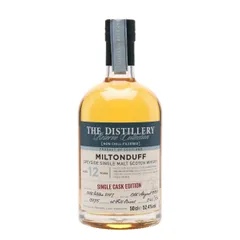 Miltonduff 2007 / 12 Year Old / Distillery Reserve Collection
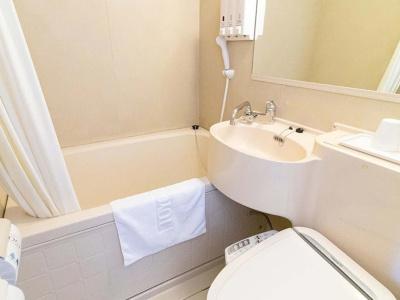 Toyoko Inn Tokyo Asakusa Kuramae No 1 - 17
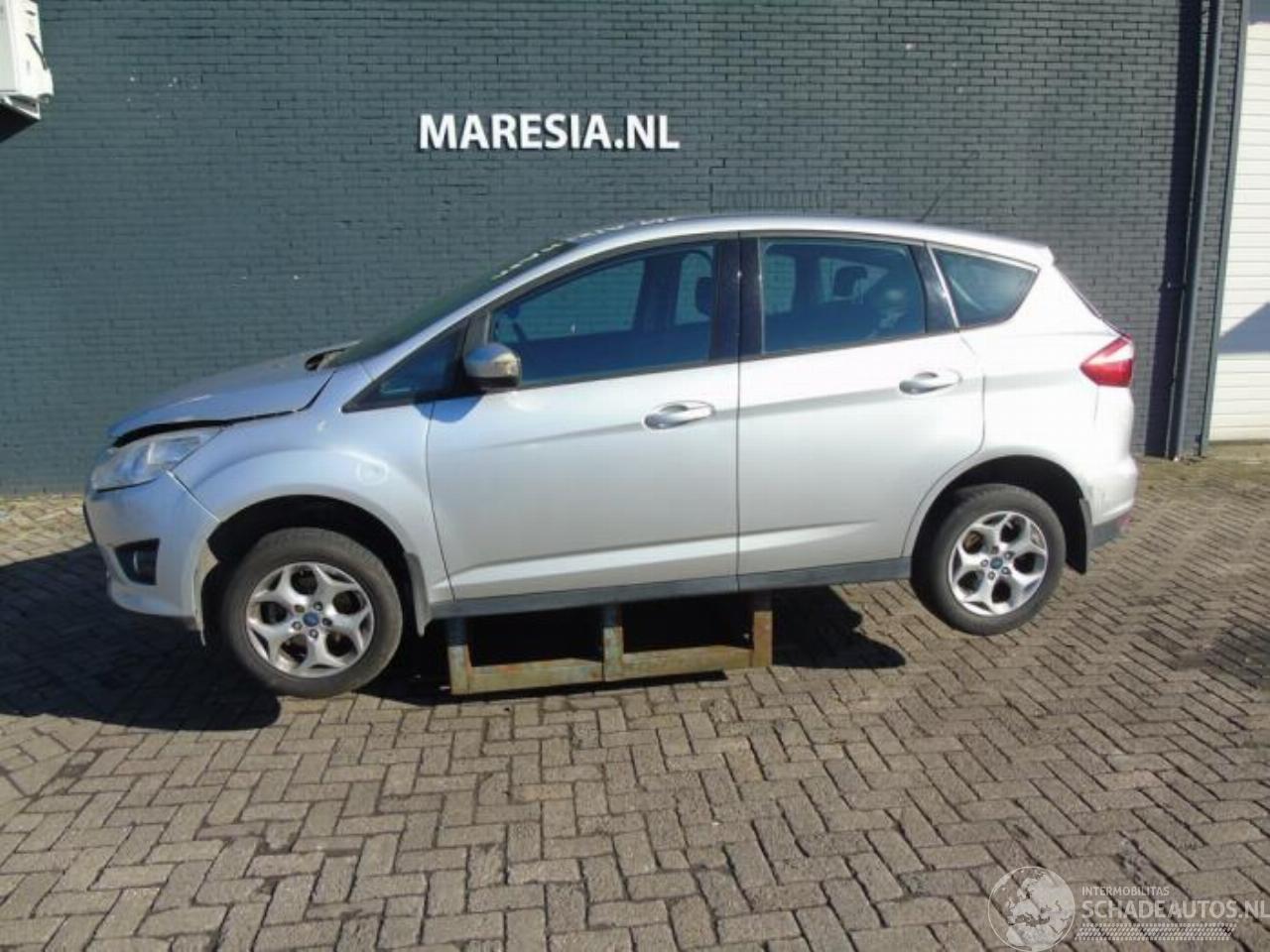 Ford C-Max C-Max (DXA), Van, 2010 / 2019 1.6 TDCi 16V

=-=-=-=-=

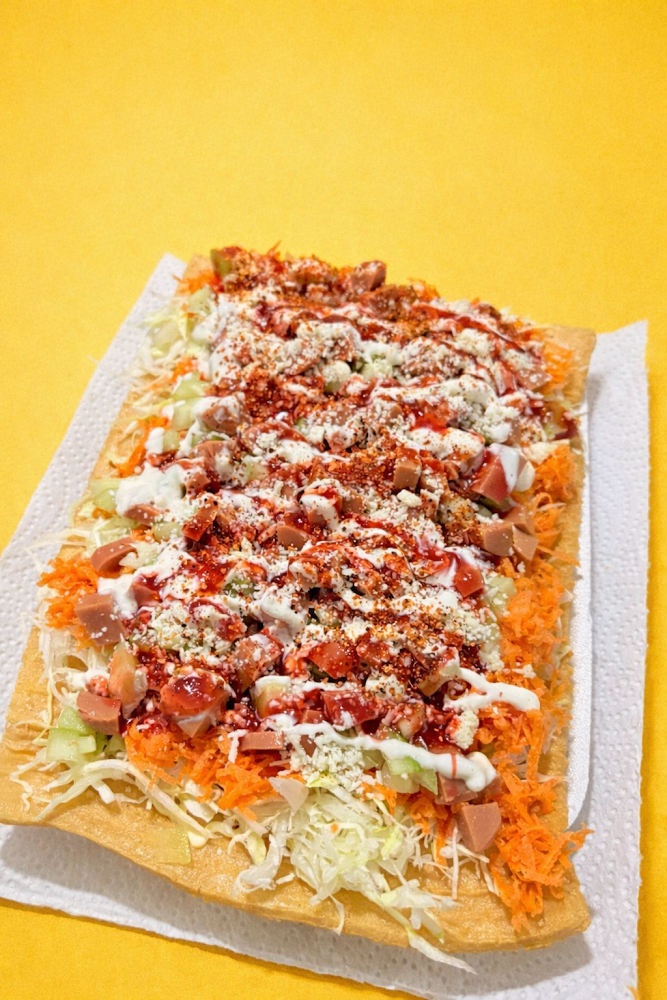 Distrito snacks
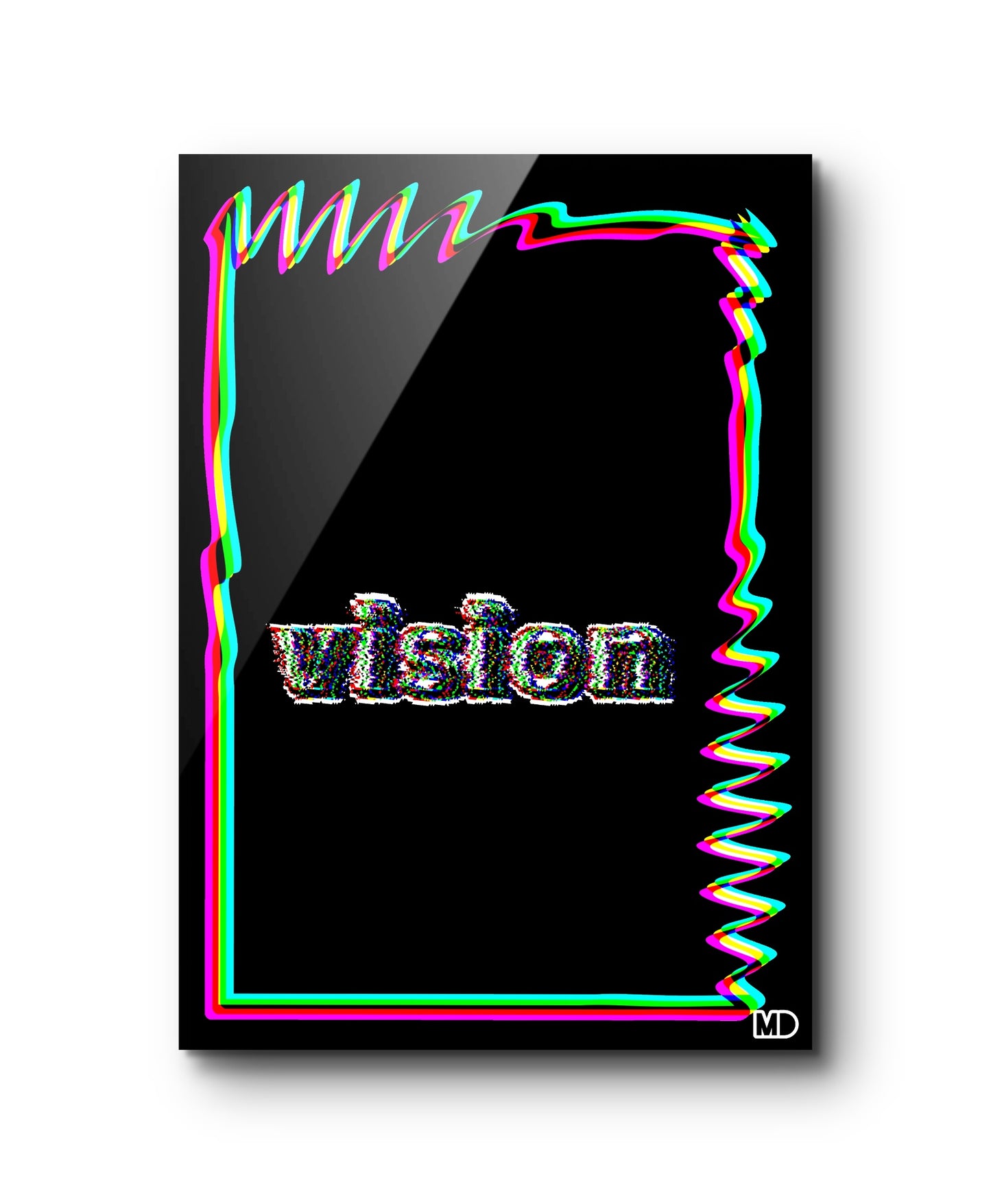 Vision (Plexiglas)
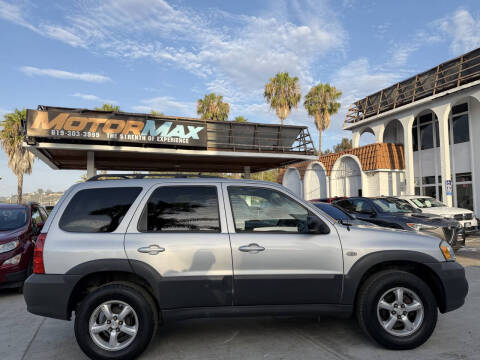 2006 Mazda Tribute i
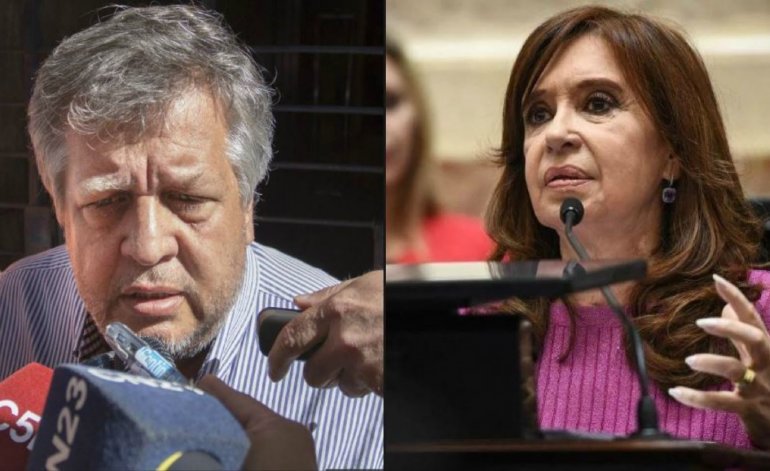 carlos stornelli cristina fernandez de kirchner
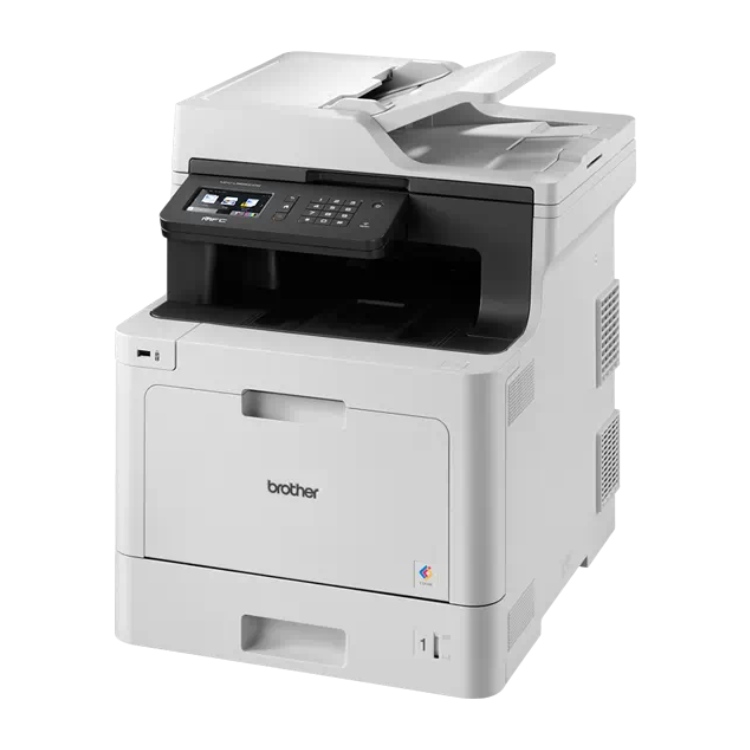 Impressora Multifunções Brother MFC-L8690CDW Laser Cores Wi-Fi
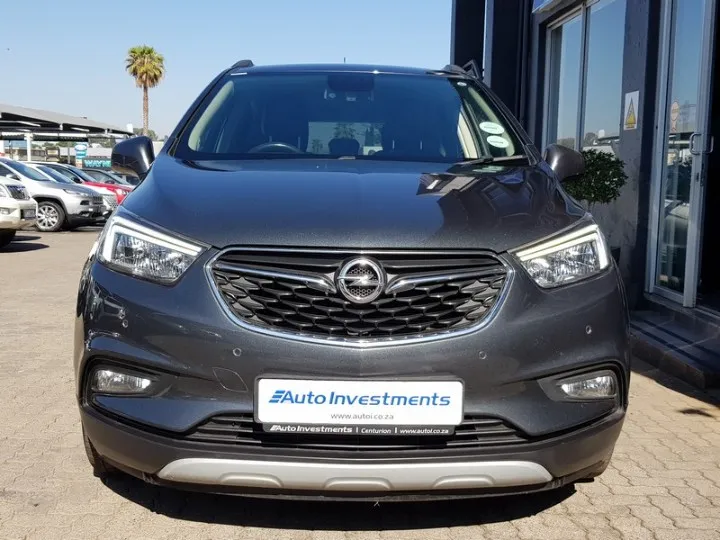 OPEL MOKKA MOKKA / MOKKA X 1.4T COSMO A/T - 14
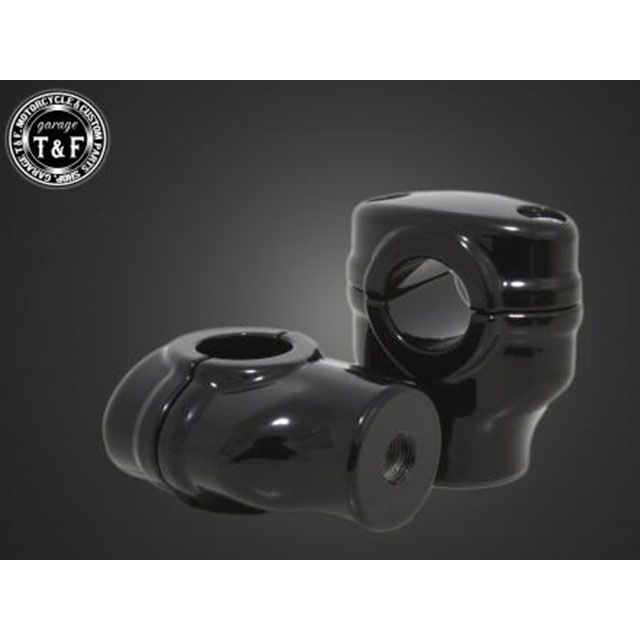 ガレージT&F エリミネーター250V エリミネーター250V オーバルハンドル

=-=-=-=-=

> [Instructions for the task]
Retype the lines above exactly as they appear, from the line containing "Miltonduff 2007 /" through the line containing "Ford C-Max C-Max", and leave out any pictures.

> [Output of the task]
 Miltonduff 2007 / 12 Year Old / Distillery Reserve Collection
 Toyoko Inn Tokyo Asakusa Kuramae No 1 - 17
 Ford C-Max C-Max (DXA), Van, 2010 / 2019 1.6 TDCi 16V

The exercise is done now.